Chapel Hill residents voiced an array of concerns about the state of development in the Ephesus-Fordham district at Monday’s town council meeting.
Here are some residents’ words:
Jean Yarnell: “Ephesus-Fordham district form-based code only addressed water quality, not water quantity or flooding.”
Esther Miller: “I spent a half an hour . . . the other afternoon, right after school, trying to get through on Estes from Carrboro back to my neighborhood because there’s no place to go. The traffic has no place to go.”
Diane Willis: “The citizenry answered your surveys and said we want three-to-four-story buildings and human-scale development, not seven-story buildings with no affordable housing of any kind, no energy efficiency, no provisions for green space for the public.”
Residents were responding to the nature and pace of development since the town council approved a new type of zoning in the district called form-based code. The code sets parameters for building height, parking space and other details, and it authorizes the town manager, instead of the town council, to approve projects that meet the criteria.
Since the council enacted the new code ten months ago, the town received three project applications, and one, Village Plaza Apartments, has been approved and is now being built. The district has seen only two developments of a similar scale over the last several years.
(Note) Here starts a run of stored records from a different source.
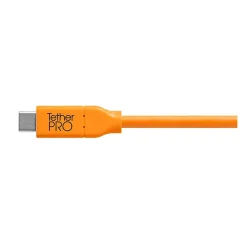 New TetherPro USB Type-C Male to USB Type-C Male Cable (3 ft., Orange) Cables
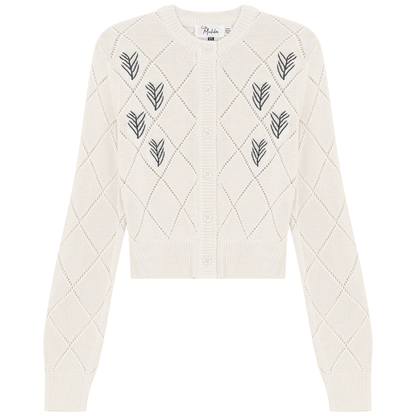 Cropped Crochet Embroidered Cardigan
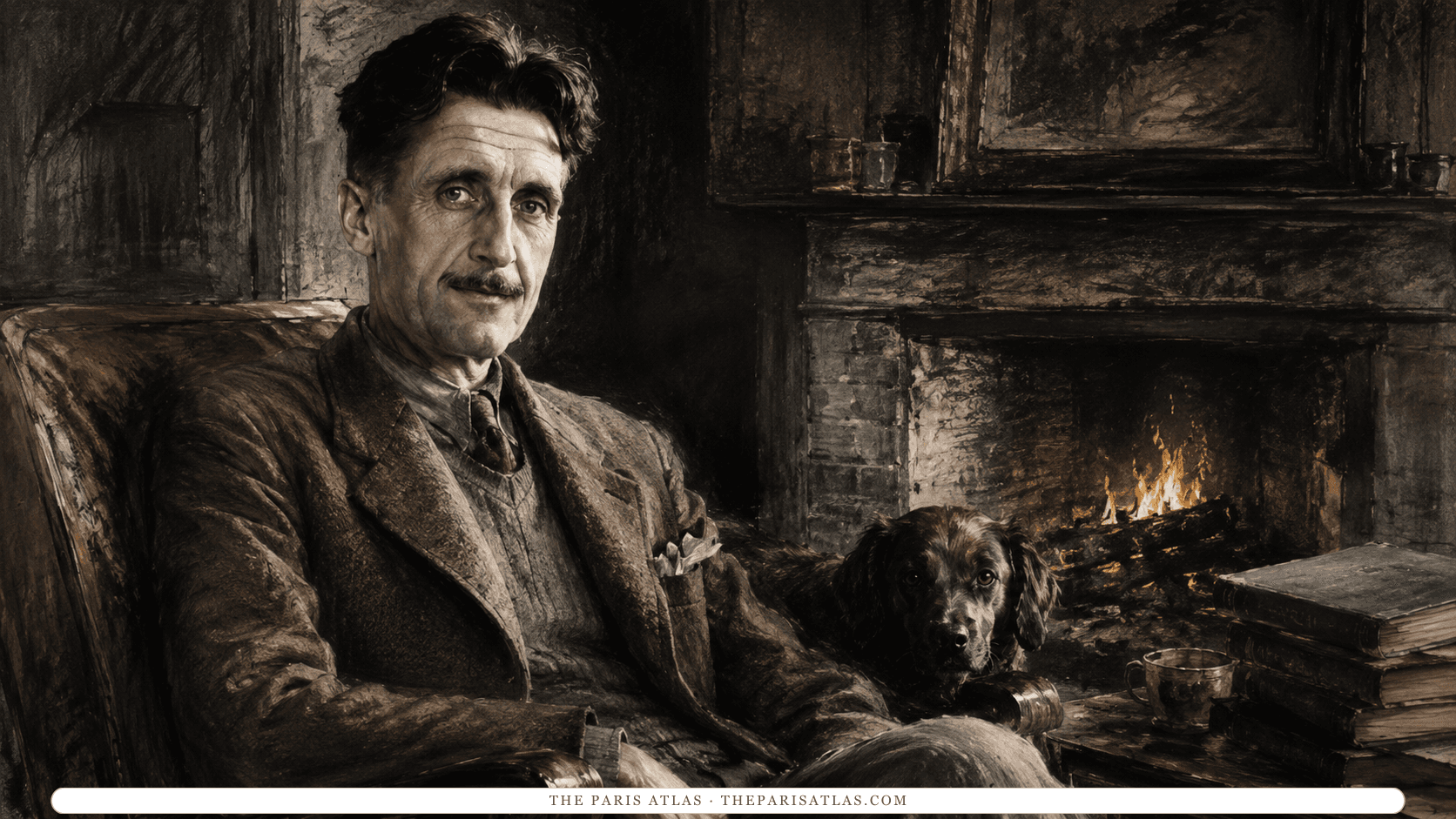 Illustration of George Orwell in an armchair beside a lit fire, a dark spaniel at his feet and books stacked on a side table.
At Monday’s meeting the town discussed amending the text of the code, including aligning the regulations with the town’s comprehensive plan and rewording the design guidelines.
In responding to residents’ concerns, Member Jim Ward said he voted against form-based code; he said the code, unfortunately, doesn’t incentivize affordable housing.
Member Lee Storrow said the parking guidelines ensure that seven-story structures will not be built “at every parcel.”
Member Donna Bell said that town leaders have listened to residents; they may feel unheard because they have experienced unexpected outcomes.
“It’s not that we don’t think about or care about our citizens who are living in a floodplain that were sold houses that are going to flood,” said Bell. “But we have committed to looking at the development at the upper end. We have committed to having some control over both quantity and quality of the water in the Ephesus-Fordham development district.”
After the planning commission reviews the text amendments and makes recommendations, the council will continue the public hearing on September 21.